We left that behind because, whatever people believe outside of our school is fine, we respected that, but we want to make sure that this was a safe space and just about sharing the information, the curriculum, not preaching about veganism, we really came at it from the dietary perspective. We all have to eat and people most people would rather eat tasty food versus gross food. Yeah. That's why we want to have food that looks nice and is not always Brown.
Traditional chefs oftentimes don't have a lot of respect for vegan chefs, because if you look at it as a race, traditional chefs have been cooking traditionally, for millennia. The vegan food scene is much newer, so they had a much bigger jump start on us. Traditional chefs are better. I'll say that again, traditional chefs are better. They are more experienced, they are more of them and we are playing catch up. We are absolutely we are in our infancy. We're doing a great job. We're making headway, but we're not going to be respected unless we put something out that's as good if not better than what traditional chefs are creating. The lion's share of people don't care; they want it to be low cost and tasty.
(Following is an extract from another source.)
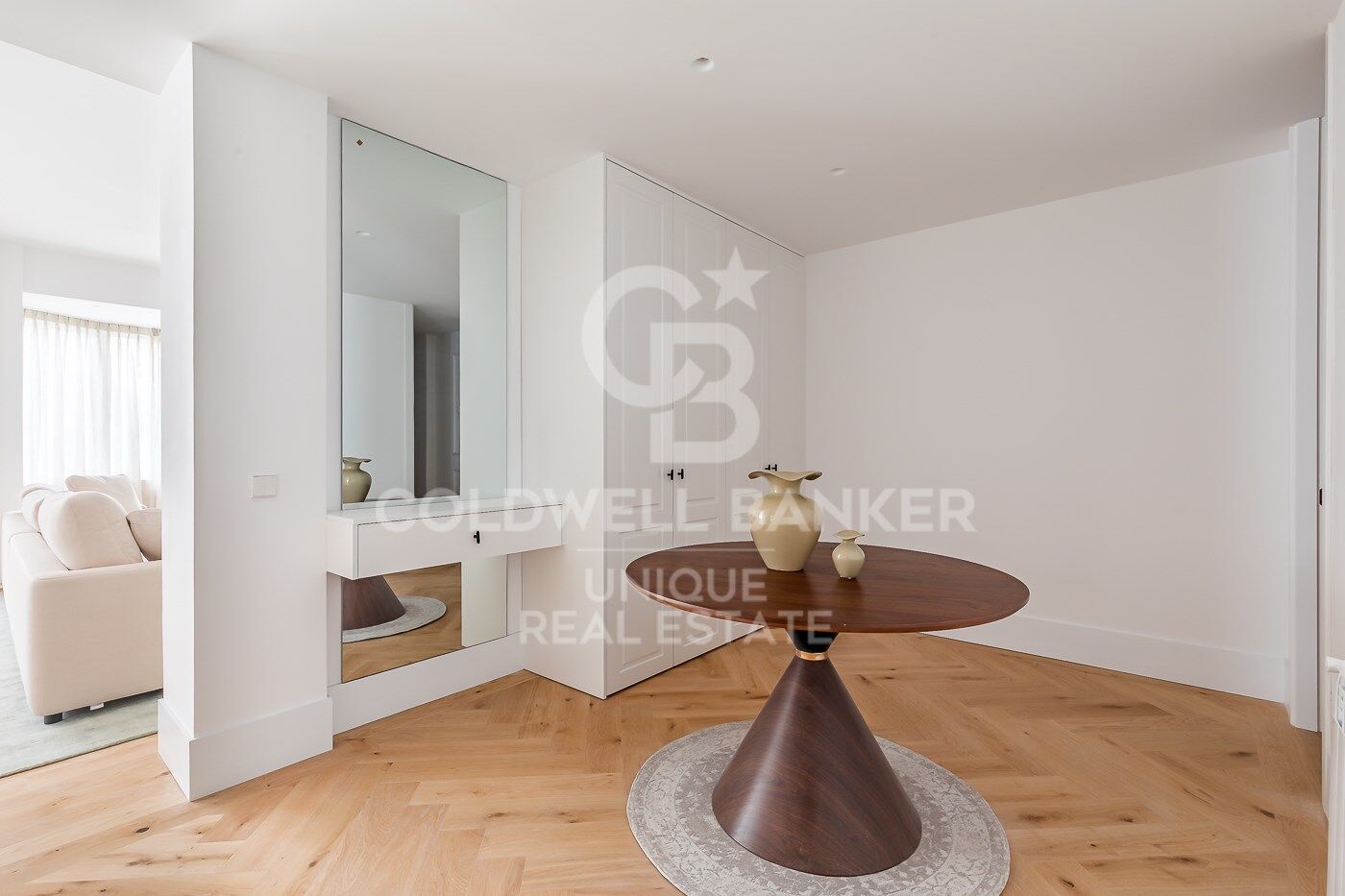 Renovated exterior flat with terrace, garage and storage room in Lista, Madrid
It's all well and good that people want to eat ethically, but at the end of the day, taste and price are the two most important things that people care about. We know that that's going to get the most people to try this type of food. Price also goes to accessibility, when the prices go down, we can get into vending machines and onto food trucks and into food carts, we can go all around the world and not only at be at these fancy, ‘shishi’ little speciality restaurants in a little corner. Years ago the only way I could find a restaurant somewhere would be happy to use Happy Cow. Now you can go on TripAdvisor and there are vegan and vegetarian options. Now I don't have to go to vegan restaurants anymore. I can go to traditional restaurants and still find these plant based options and they know how to cook for people who choose to eat vegan. You don't have to go to a special place.
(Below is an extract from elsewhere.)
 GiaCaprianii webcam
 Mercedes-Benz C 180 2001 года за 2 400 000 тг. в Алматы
Would you say that, for a vegan chef, a degree of flexibility is required in terms of what the chef himself or herself eats? Say you're trying to veganise a steak, or a make a vegan steak; you'd have to know what a steak tastes like right?
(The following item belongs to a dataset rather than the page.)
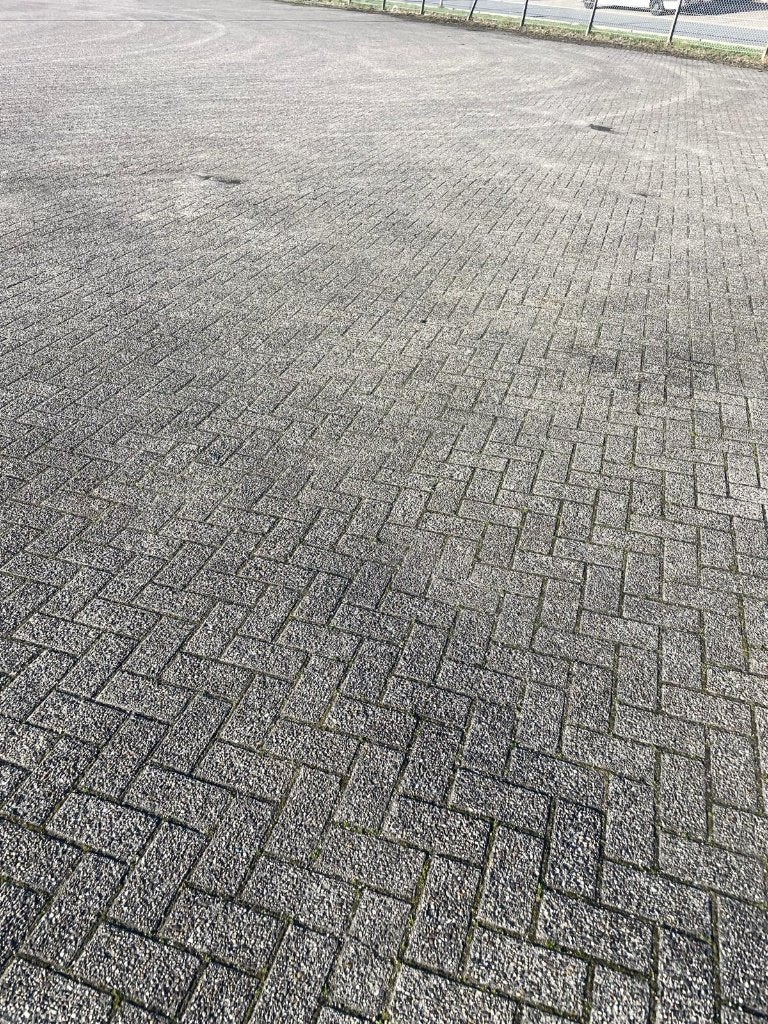 Diverse gebruikte Betonklinkers, Grijs, Grof en Nette BKK, Tuin en Terras, Gebruikt, Klinkers, Ophalen of Verzenden, 10 m² of meer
SP: That's a great question. That's a whole that's probably another whole hours’ worth of talk. When I'm reverse engineering cheese's I absolutely do try cheese. It's very hard for me to go back to eating meat. I reverse engineer meat analogues from memory, but I think every chef needs to make that decision for him or herself. I do eat traditional cow cheese, goat cheese and traditional ice-cream, because I want to be able to reverse engineer it and taste it more recently in my brain versus for a steak, it's been 35 years. I can smell it and a lot of flavour is smell and you can you can smell a steak without eating it, but it's I think it's a great question. I have friends who own vegan restaurants that still eat everything. To each his own. You don't need to specify that that's about being a great vegan chef. I think that to be good anything in life, you need to be more open. Whether you're a gardener, a car salesman, or a window washer, you need to be more open. We're in hospitality, which is about creating the experience. If you keep the mission at the forefront of your mind, “How are you going to best serve your customers? What's going help you do your job the best way?”